Another name for carob is "locust," a common term for many kinds of trees in the bean family. It was the seed pods of the locust tree, not insects, that are referred to in the Bible as a source of food, also known as St. John's bread:
"….and his meat was locusts and wild honey." Matthew 3:4
"And he would gladly have filled his stomach with the pods that the swine ate…" Luke 15:16

The pods are the source for sweet edible flour that has been concocted into products marketed as a chocolate substitute. But any discerning chocolate gourmand knows that these efforts generally result in nothing resembling chocolate except in color, and is best left to swine.
Carob leaves and catkins

Friday, January 9, 2015

A is for Asphodel

"Others in Elysian valleys dwell,
Resting weary limbs at last on beds of asphodel."
-from The Lotos-Eaters by Lord Alfred Tennyson

While botanizing at the Phoenix Sonoran Preserve recently, we spotted a strange plant thriving in a shallow muddy basin near the Apache Wash trailhead. About two feet tall and sporting dozens of tiny white, bell-shaped flowers and a rosette of long, thin leaves, it was unlike any I'd seen in this desert before. 
A single specimen of Onion Weed mingles with Sahara Mustard,
Filaree and Globe Mallow in a shallow mud pit.

Long thin leaves of Onion Weed are hollow and slightly succulent.
After a lot of wandering around in plant keys, ranging from the tome of Arizona Flora to local garden center websites, we finally pinpointed this lovely member of the Aloe Family (Xanthorrhoeaceae) as Onion Weed (Asphodelus fistulosus).  This species is a cousin to more than a dozen species of Asphodel, all of which are native to the Mediterranean region.  Onion weed only superficially resembles true onions, and doesn't have an onion smell at all, lacking any noticeable fragrance. The rosette of long, smooth, hollow leaves does remind of onions, garlic, leeks and their relations though, which differ most distinctively in having a globe-shaped flowering head. The family includes many popular ornamental species such as Bulbine and Haworthia, as well as the Aloes. Unfortunately, this species has been dubbed a noxious weed on several continents, including North America and Australia, because it rapidly colonizes disturbed ground and is not palatable to livestock. Large roadside populations are common in southeastern Arizona.
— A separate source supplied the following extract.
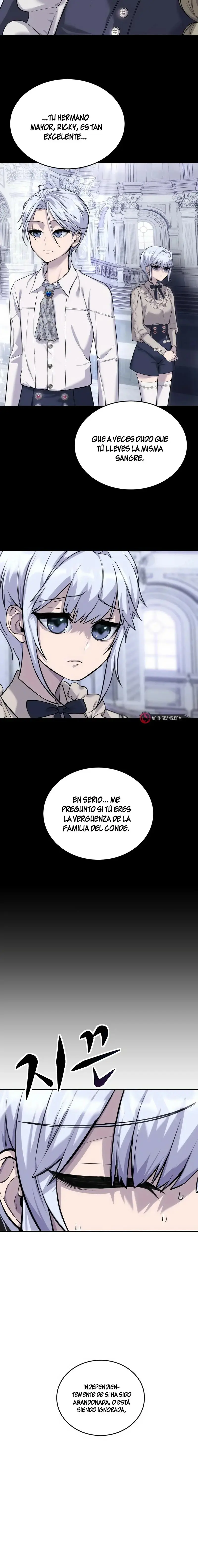 Era más fuerte que el héroe, así que oculté mi poder capítulo 3, página 29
How it got here, far from any other known population, is anybody's guess. Did it arrive on duck feet after monsoon rains created puddles in the desert? Or did it come on the treads of heavy equipment that was used to help transform this patch of desert into a parking lot? Perhaps a sentimental gardener tossed a few seeds by the roadside to see if they would grow. 

However they arrived, the plant has many intriguing ethnobotanical associations. White Asphodel (Asphodelus albus), which is a jumbo version of Onion Weed (growing to about twice times its size with larger (1.5" diam.) flowers), is a legendary plant in Homer's Odyssey and earlier Greek and Egyptian mythologies. Asphodel Meadows represent the ethereal world of the afterlife. Depending on which story you are attracted to, they are the heavenly home, or Elysian fields, of heroes and goddesses, an eternal Eden for ordinary folk, or the fate of unfortunate souls held in limbo at the gateway to the underworld.  

Asphodel plants also serve numerous uses for mortals: leaves and stalks are used to build huts by nomadic tribal people, the Tauregs, in North Africa; edible buds and roots are savored throughout the Meditteranean region; leaves are used for basketry and cheese making in Italy; abundant nectar is transformed by bees into a prized delicate honey. Asphodel also made it into the annals of Harry Potter as an ingredient in a powerful sleeping potion called Drought of Living Death. 

Whether you are fascinated by plant systematics, Greek legend or the intriguing transformations in plant geography wrought by inter-continental trade, Asphodel has something to offer. If nothing else, it's a pleasure to behold and just might become part of your personal paradise.